I also think that your application could be nicely tested with a mix of specs2 and ScalaCheck. Here the draft of a Specification to get you started:
import org.specs2._
import org.scalacheck.{Arbitrary, Gen}
class TestSpec extends Specification with ScalaCheck { def is =
"moving a coin in a column moves the coin to the nearest empty slot" ! e1^
"a coin wins if" ^
"a row contains 4 consecutive coins" ! e2^
"a column contains 4 consecutive coins" ! e3^
"a diagonal contains 4 consecutive coins" ! e4^
end
def e1 = check { (b: Board, x: Int, c: Coin) =>
try { b.move(x, c) } catch { case e => () }
// either there was a coin before somewhere in that column
// or there is now after the move
(0 until 6).exists(y => b(x, y).isDefined)
}
def e2 = pending
def e3 = pending
def e4 = pending
/**
* Random data for Coins, x position and Board
*/
implicit def arbitraryCoin: Arbitrary[Coin] = Arbitrary { Gen.oneOf(Cross, Naught) }
implicit def arbitraryXPosition: Arbitrary[Int] = Arbitrary { Gen.choose(0, 6) }
implicit def arbitraryBoardMove: Arbitrary[(Int, Coin)] = Arbitrary {
for {
coin <- arbitraryCoin.arbitrary
x <- arbitraryXPosition.arbitrary
} yield (x, coin)
}
implicit def arbitraryBoard: Arbitrary[Board] = Arbitrary {
for {
moves <- Gen.listOf1(arbitraryBoardMove.arbitrary)
} yield {
val board = new Board
moves.foreach { case (x, coin) =>
try { board.move(x, coin) } catch { case e => () }}
board
}
}
}
object Cross extends Coin {
override def toString = "x"
}
object Naught extends Coin {
override def toString = "o"
}
sealed trait Coin
The e1 property I've implemented is not the real thing because it doesn't really check that we moved the coin to the nearest empty slot, which is what your code and your API suggests. You will also want to change the generated data so that the Boards are generated with an alternation of x and o.
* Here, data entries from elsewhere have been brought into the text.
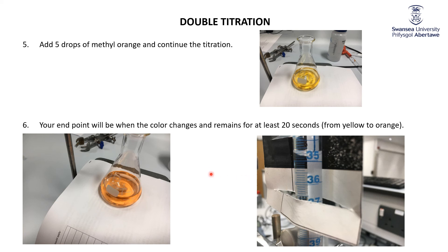So a fairly straightforward reaction, just a titration. The only trick is that you're using two indicators. You start with phenolphthalein, which is pink — when that goes colorless, you add the methyl orange, which is yellow, and then continue on until that turns orange.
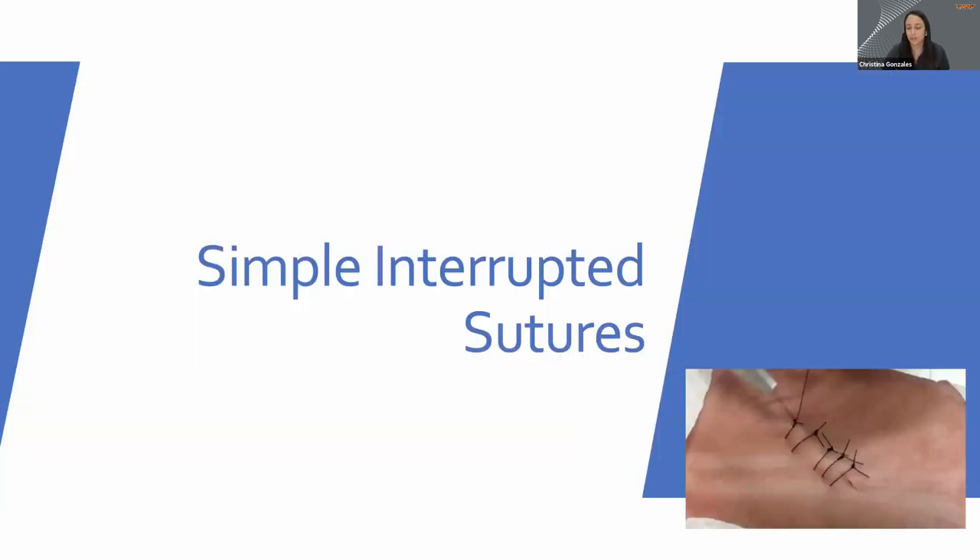First, we're going to talk about simple interrupted. In my practice in emergency medicine, I would say 98% of the time I'm doing simple interrupted sutures. The reason is because they're really easy, simple to put in, and they hold the skin together really well. The majority of what you'll be doing in urgent care or emergency settings are simple interrupted sutures, so if you're going to spend a lot of time practicing, definitely practice this one the most.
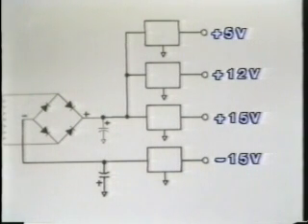By using a split supply and four voltage regulators, we can create four separate regulated power supplies. Here we have three positive regulators creating a plus 5, plus 12, and plus 15 volt supply. And the negative regulator we just looked at, which is a 7915, is used to create a minus 15 volt supply.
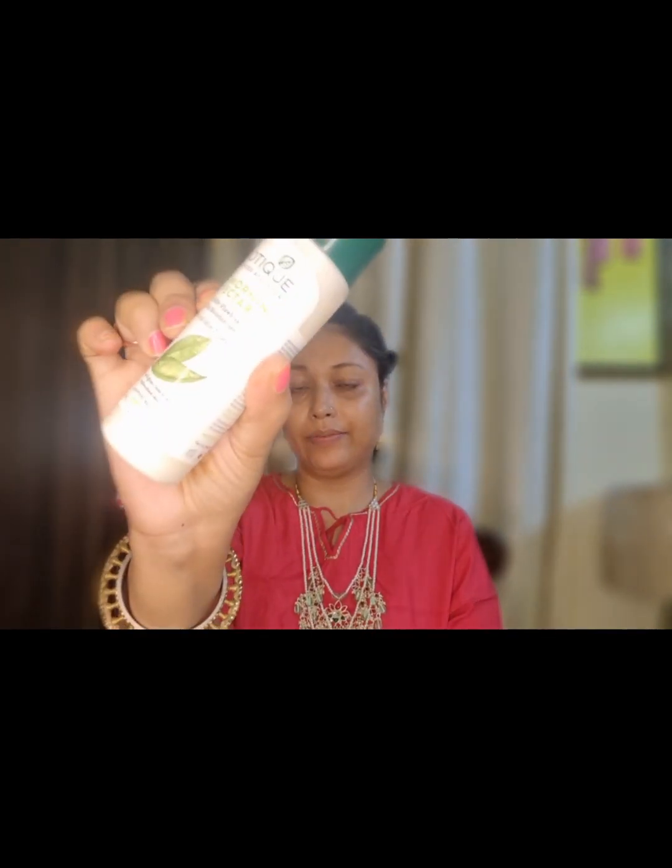Now the toner has been absorbed. My skin is dry so I have used it here, but if your skin is oily then you should use it with gel. Now I am using the Prime Sublime Anti-Aging Primer.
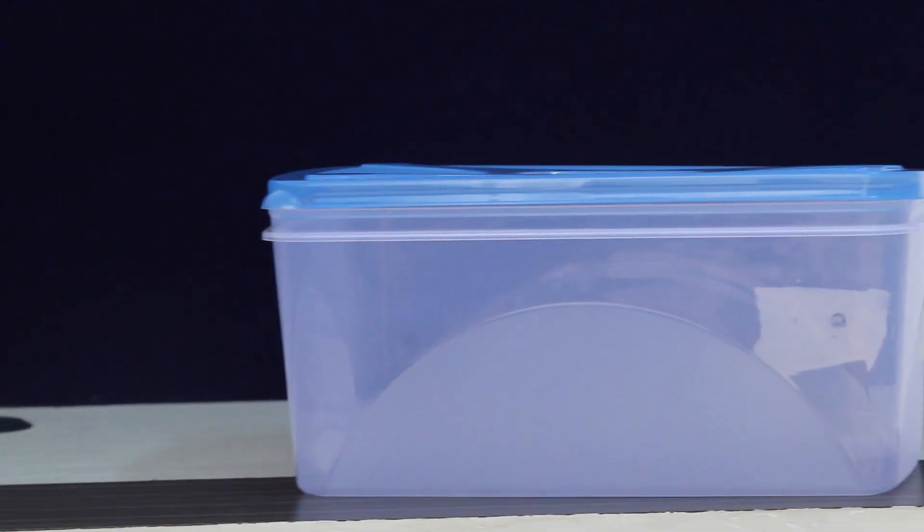If you want to upload this video, please click on the notification bell and subscribe to this channel. This is a plastic container.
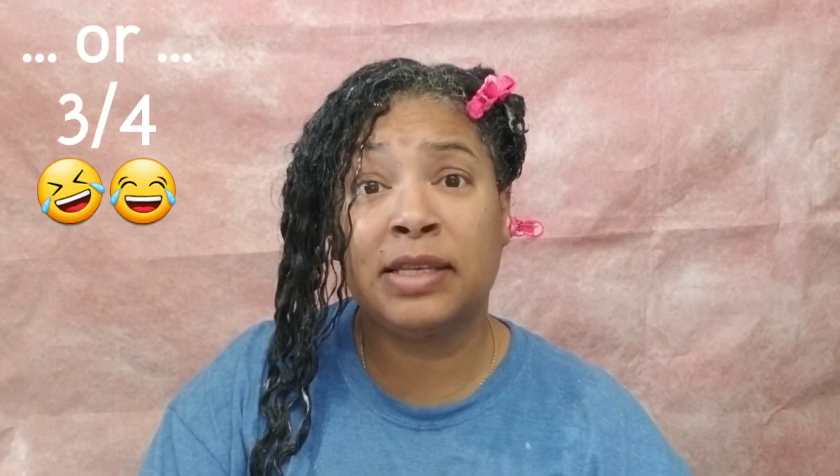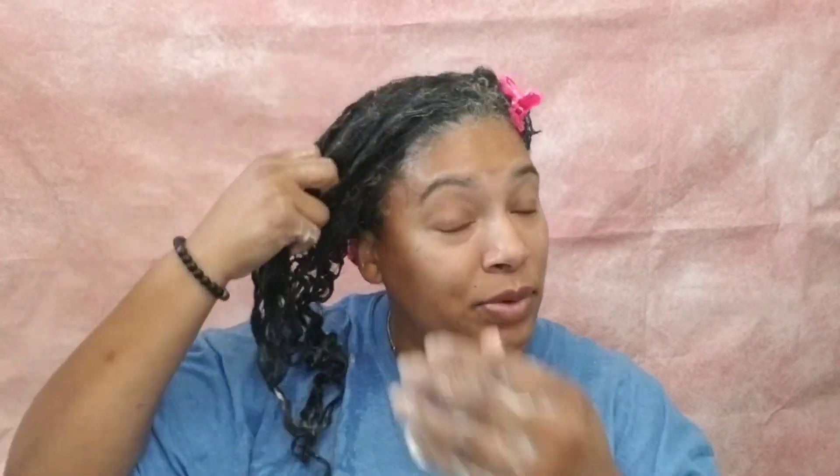Applying the product is very easy, especially with my hair already damp and wet. I applied maybe about $0.75 worth. For a while I was measuring products by nickels, quarters, and dimes. You know, products back in the day used to say apply a dime-size amount. So I started saying I was applying a quarter, $0.50, $0.75, a dollar worth — so I'd say between $0.50 and $0.75 of product was applied to this section.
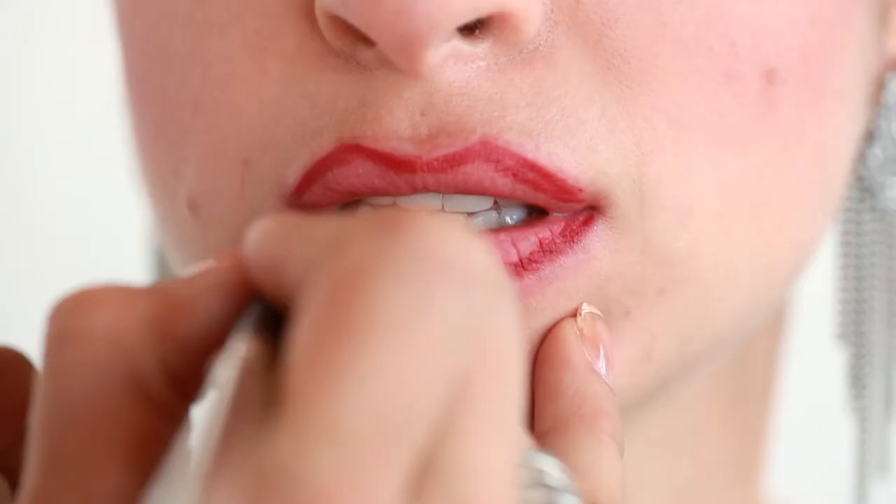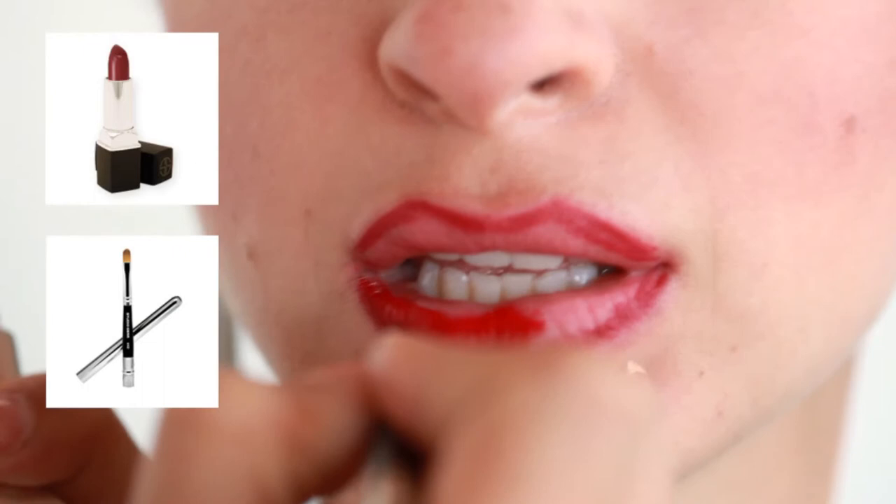With True Red Lipstick, saturate lip brush number 42 and sweep the brush along the lips to paint on color.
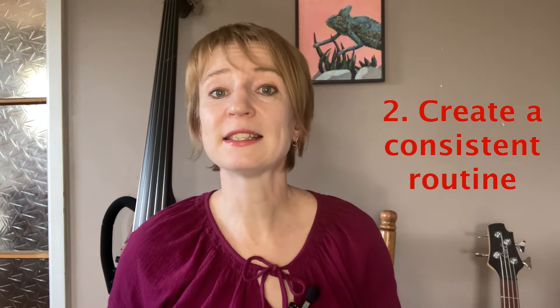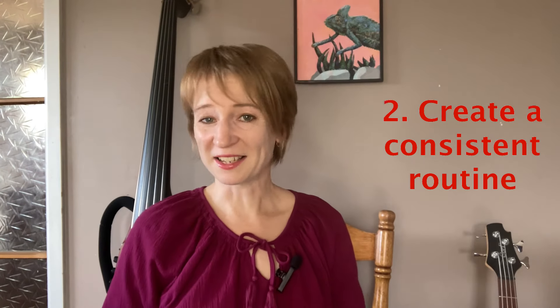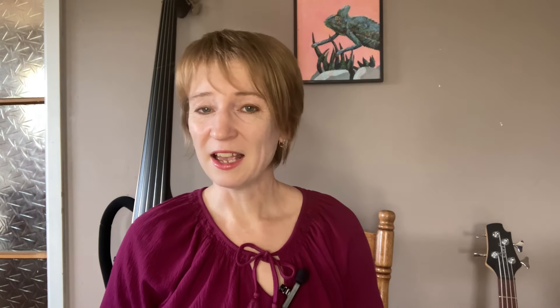Number two: create a consistent practice routine. Consistency is key. It's better to practice for 10 minutes a day than to cram a few hours once a week. Find a time that fits your schedule and stick to it. This helps build muscle memory and keeps you progressing steadily.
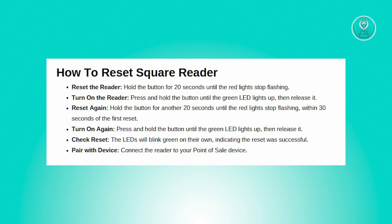Start the reader again by pressing and holding the button until the green LED lights up, then release it. After your second restart, the reader will have completed a factory reset. The LEDs will blink green by themselves to confirm the reset was successful.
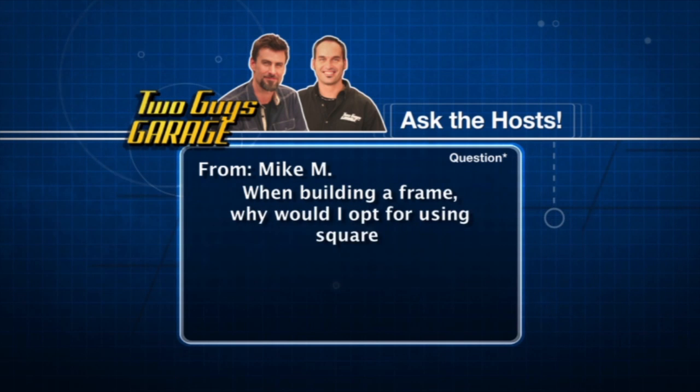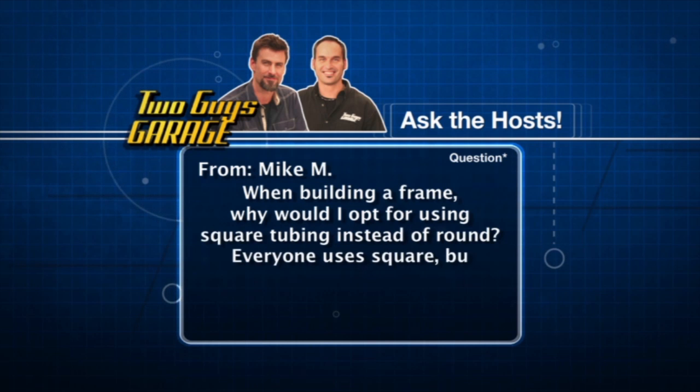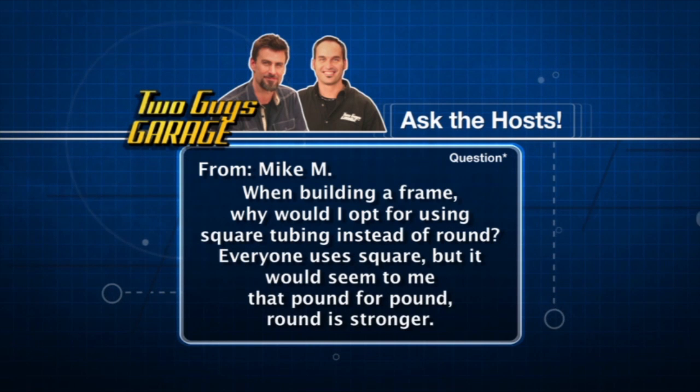Why would I opt for using square tubing instead of round? It seems like everyone uses square, but it would seem to me that pound for pound, round is stronger.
That should be a great way to learn how to use ScalaCheck!
I suggest you throw all that code out -- well, save it somewhere, but start from zero using TDD.
The Specs2 site has plenty examples of how to write tests, but use TDD -- test driven design -- to do it. Adding tests after the fact is suboptimal, to say the least.
So, think of the most simple case you want to handle of the most simple feature, write a test for that, see it fail, write the code to fix it. Refactor if necessary, and repeat for the next most simple case.
If you want help with how to do TDD in general, I heartily endorse the videos about TDD available on Clean Coders. At the very least, watch the second part where Bob Martin writes a whole class TDD-style, from design to end.
If you know how to do testing in general but are confused about Scala or Specs, please be much more specific about what your questions are.